Argentina’s annual inflation rate in July rose to the highest level since May 2006, led by higher costs for leisure goods and clothing. Consumer prices increased 11.2 percent from a year earlier and 0.8 percent from June, the national statistics institute said today in Buenos Aires.
Private economists and politicians including Vice President Julio Cobos have questioned the government data, saying officials have been underreporting price increases since January 2007, when former President Nestor Kirchner made personnel changes at the National Statistics Institute. The government said the changes were made to improve operations.
“The inflation problem in Argentina is absurd,” said Nicolas Salvatore, an economist at Buenos Aires University. “It has an easy solution. We have to tighten the monetary base and slow economic growth to 4 percent.”

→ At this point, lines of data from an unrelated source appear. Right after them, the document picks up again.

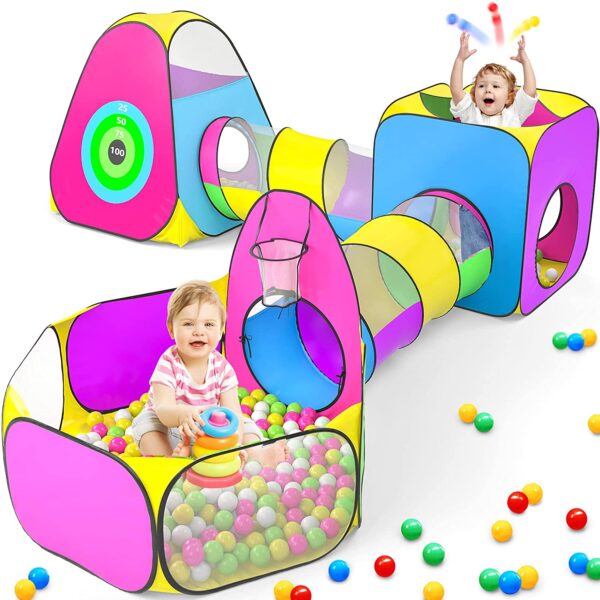 5pc Kids Play Tent for Toddler with 1 Baby Ball Pits, 2 Baby Crawl Tunnels, 2 Pop Up Tents, Indoor Outdoor Playhouse Toys for Boys/Girls, Gift Target Game with 4 Dart Balls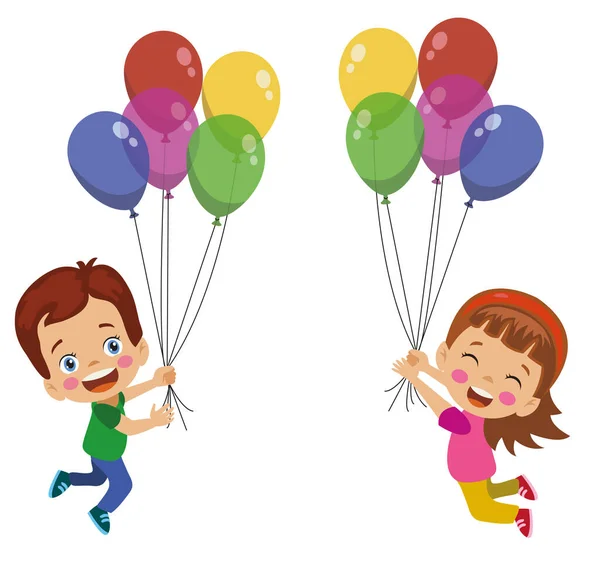 Glückliche Kinder Fliegen Mit Luftballons — Stockvektor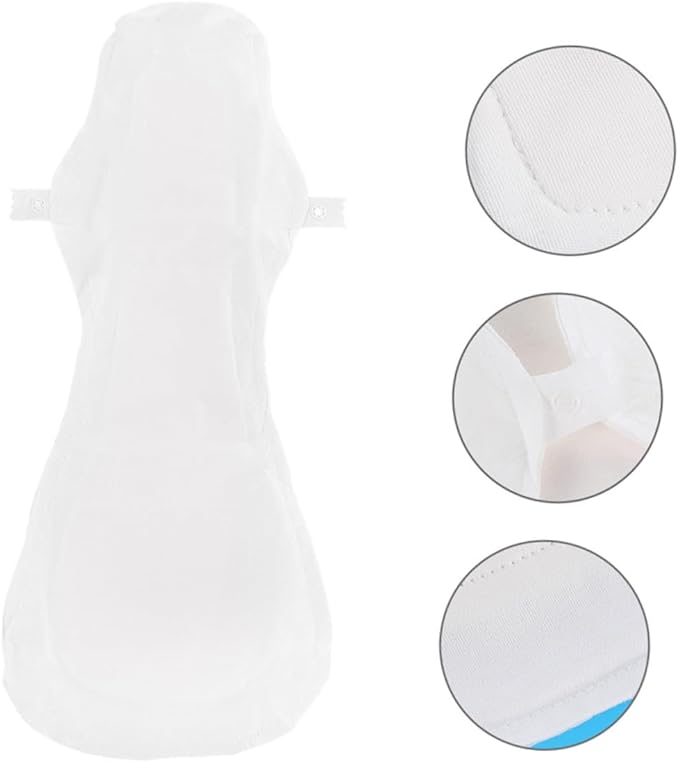 3pcs Reusable Cotton Menstrual Pads with Button Snap Comfortable Lightweight Sanitary Towels for Women Washable Leakproof Pads for Period Care
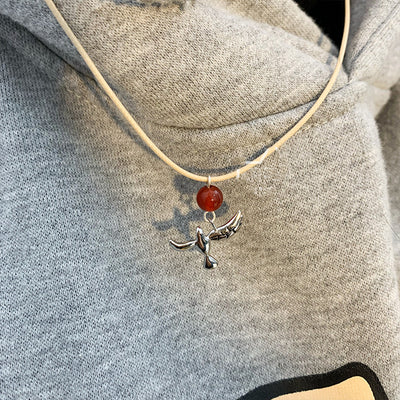 Collier Colombe Métal et Boule Rouge Snowdrop Jisoo BlackPink Yeong Ro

Morgan Stanley more than doubled its growth forecast for Argentina, South America’s second-biggest economy after Brazil, to 9.7 percent in 2010 from an earlier estimate of 4.6 percent. The expansion would be the fastest since 1992.
Money supply last month surpassed the central bank’s target as dollar purchases pushed reserves to a record $51 billion. M2 money supply, which includes cash in circulation and deposits in savings and money market accounts, rose 23.8 percent in July from a year earlier to 217.8 billion pesos ($55.4 billion), exceeding a target of 214.4 billion pesos, the central bank said yesterday in a monthly report.
Independent Estimates
Researchers at Buenos Aires University, led by Graciela Bevacqua, who was removed from her post as director of the statistics agency’s consumer price index department under Kirchner in 2007, reported that consumer prices rose 1.9 percent in July from June.
Earlier this week, the Senate passed a bill to make Indec, as the statistics agency is known, independent from the government. The bill requires that the Senate approves the nomination of the agency’s director and would create a bicameral oversight committee. The legislation will next go the lower house for consideration.
Still, former Finance Undersecretary Miguel Kiguel and analyst Daniel Kerner, at the Eurasia Group, don’t believe that the bill will improve the transparency in the institute’s reports in the short term.
“This is a positive step, but a move toward full transparency will be tough and could take a long time, possibly even after the end of Cristina Fernandez de Kirchner’s mandate in December 2011,” Kerner wrote yesterday in an e-mail.
The peso was little changed at 3.9328 per dollar today. It has declined 3.4 percent against the dollar this year.